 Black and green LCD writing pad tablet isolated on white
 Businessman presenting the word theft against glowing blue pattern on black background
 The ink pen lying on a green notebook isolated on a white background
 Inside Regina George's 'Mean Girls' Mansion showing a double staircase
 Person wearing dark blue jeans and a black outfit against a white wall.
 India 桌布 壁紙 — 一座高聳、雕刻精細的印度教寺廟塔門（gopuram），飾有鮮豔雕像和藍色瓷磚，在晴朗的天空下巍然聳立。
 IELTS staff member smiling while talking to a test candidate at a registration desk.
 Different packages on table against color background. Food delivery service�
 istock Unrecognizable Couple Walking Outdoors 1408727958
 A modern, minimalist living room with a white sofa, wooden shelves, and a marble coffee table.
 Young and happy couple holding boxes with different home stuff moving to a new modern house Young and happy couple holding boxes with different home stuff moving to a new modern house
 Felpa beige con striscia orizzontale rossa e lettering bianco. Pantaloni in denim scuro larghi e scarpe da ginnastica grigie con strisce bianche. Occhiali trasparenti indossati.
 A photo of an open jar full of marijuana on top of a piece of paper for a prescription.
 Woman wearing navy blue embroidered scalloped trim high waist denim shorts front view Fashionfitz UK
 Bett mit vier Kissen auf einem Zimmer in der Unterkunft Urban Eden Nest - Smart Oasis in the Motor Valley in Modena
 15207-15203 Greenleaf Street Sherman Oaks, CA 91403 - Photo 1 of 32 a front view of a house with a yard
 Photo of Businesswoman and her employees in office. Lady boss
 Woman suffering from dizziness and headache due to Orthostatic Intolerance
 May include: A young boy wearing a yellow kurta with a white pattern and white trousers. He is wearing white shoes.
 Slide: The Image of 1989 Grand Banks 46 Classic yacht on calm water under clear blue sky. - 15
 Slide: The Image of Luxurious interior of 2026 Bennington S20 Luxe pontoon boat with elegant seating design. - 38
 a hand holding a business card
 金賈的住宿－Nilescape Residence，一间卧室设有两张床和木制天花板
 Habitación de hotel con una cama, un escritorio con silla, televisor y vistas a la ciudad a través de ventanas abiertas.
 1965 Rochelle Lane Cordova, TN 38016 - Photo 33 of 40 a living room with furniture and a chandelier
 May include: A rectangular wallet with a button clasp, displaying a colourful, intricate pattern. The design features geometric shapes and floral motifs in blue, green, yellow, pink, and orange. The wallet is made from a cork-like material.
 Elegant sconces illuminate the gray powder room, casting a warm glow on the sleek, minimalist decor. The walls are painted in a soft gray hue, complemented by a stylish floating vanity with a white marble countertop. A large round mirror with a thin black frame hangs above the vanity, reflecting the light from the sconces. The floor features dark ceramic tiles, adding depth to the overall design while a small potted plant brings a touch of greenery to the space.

====

### WHAT IS REQUIRED
State how many lines above contain the string "wearing", with no other words.

### RESULT FOR THIS TASK
3